Problem statement >> Would you restate word for word the lines of the listing, beginning at the first and ending with the line that holds "Визначено половину пар"?

Extracted material >>
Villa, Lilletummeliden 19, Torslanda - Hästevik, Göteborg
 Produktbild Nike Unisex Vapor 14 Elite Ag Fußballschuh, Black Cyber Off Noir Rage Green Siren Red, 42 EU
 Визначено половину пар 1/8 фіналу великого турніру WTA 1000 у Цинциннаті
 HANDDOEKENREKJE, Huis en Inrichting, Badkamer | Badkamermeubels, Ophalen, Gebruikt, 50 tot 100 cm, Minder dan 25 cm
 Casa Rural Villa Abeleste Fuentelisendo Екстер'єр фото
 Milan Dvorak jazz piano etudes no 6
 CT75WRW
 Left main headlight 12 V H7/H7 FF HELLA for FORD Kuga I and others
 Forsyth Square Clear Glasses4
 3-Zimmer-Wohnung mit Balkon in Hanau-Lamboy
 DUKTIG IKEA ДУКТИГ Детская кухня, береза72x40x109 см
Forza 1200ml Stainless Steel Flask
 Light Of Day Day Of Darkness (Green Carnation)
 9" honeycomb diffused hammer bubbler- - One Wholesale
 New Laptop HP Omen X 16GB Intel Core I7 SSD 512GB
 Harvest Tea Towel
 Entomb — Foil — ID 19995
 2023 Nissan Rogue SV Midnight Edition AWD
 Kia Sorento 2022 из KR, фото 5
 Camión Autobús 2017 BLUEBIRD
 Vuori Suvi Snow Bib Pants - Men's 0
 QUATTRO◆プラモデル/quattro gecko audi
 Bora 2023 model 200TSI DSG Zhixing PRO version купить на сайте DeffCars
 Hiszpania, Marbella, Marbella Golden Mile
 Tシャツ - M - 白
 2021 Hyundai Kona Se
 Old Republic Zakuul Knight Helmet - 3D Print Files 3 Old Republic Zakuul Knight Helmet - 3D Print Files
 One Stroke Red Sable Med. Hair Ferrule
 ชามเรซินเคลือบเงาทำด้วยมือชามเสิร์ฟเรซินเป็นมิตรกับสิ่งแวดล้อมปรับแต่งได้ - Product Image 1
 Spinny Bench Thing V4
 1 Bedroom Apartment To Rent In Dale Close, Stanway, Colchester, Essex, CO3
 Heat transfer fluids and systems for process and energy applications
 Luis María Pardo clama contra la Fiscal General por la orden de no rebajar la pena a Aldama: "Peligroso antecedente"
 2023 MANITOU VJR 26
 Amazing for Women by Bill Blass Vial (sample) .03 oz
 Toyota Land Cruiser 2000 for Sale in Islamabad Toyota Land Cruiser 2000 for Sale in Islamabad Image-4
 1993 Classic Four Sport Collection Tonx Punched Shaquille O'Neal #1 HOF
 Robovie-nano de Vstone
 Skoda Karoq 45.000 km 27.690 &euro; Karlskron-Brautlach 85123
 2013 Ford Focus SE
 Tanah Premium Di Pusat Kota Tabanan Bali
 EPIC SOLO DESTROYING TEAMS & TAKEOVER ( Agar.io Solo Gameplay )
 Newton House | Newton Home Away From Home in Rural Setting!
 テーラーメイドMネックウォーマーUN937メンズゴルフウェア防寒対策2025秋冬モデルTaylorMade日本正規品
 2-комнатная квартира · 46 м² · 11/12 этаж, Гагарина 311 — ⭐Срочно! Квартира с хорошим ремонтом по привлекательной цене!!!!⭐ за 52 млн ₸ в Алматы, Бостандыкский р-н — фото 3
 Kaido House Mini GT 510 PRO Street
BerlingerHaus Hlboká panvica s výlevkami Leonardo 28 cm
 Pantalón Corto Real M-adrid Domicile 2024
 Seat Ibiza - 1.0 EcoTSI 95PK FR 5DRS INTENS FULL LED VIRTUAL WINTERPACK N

Exercise answer >>
Villa, Lilletummeliden 19, Torslanda - Hästevik, Göteborg
 Produktbild Nike Unisex Vapor 14 Elite Ag Fußballschuh, Black Cyber Off Noir Rage Green Siren Red, 42 EU
 Визначено половину пар 1/8 фіналу великого турніру WTA 1000 у Цинциннаті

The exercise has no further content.